On January 16, the Red Army occupied Rossosh, seat of the Alpine Corps headquarters. On the evening of 17 January, the Alpine Army Corps commander, General Gabriele Nasci, ordered a full retreat. By then it was too late; the circle was closing around the Italian Alpini divisions, and they would have to fight their way out.

The three Alpine divisions "Tridentina", "Julia" and "Cuneense", the 156th Infantry Division "Vicenza", the German XXIV Army Corps, and all troops and service units posted in the Rossosh zone were to move toward the alignment Valuyki–Rovenki as quickly as possible.
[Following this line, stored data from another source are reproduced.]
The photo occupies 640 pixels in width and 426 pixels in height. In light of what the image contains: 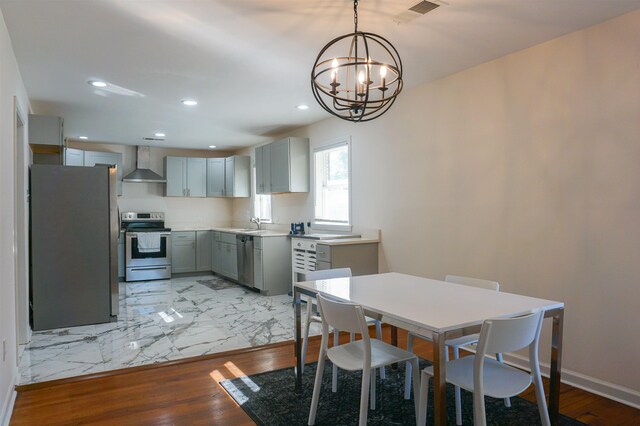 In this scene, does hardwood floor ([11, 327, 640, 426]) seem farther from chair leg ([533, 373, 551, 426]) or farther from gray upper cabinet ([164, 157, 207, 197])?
gray upper cabinet ([164, 157, 207, 197])

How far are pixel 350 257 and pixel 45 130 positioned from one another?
343 centimetres

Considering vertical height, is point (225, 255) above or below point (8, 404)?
above

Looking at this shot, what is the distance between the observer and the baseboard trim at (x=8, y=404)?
2340mm

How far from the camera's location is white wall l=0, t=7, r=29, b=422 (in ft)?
8.03

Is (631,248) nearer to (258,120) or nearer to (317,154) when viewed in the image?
(317,154)

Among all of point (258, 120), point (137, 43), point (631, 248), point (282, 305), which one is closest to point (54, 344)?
point (282, 305)

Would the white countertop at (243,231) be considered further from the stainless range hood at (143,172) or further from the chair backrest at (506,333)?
the chair backrest at (506,333)

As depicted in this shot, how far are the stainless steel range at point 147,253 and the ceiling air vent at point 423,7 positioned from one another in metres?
5.81

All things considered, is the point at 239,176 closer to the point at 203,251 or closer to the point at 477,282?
the point at 203,251

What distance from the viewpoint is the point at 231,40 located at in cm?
292

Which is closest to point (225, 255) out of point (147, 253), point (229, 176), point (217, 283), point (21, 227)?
point (217, 283)

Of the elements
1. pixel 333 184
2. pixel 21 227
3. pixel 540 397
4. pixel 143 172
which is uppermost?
pixel 143 172

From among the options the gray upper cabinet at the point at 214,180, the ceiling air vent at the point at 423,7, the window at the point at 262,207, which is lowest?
the window at the point at 262,207

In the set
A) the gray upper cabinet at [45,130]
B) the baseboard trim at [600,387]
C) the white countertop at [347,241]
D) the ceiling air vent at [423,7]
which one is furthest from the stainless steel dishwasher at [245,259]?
the ceiling air vent at [423,7] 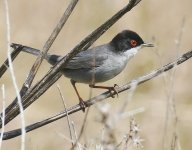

Furthermore, the orders stated that once the troops so deployed, a new defensive line would be drawn, fortified by German troops arriving in that zone. The Tridentina and the XXIV German Army Corps were given the order to withdraw in the direction of Podgornoye-Opyt. The Cuneense and Vicenza divisions were to head towards Popovka, the Julia north of Rossosh.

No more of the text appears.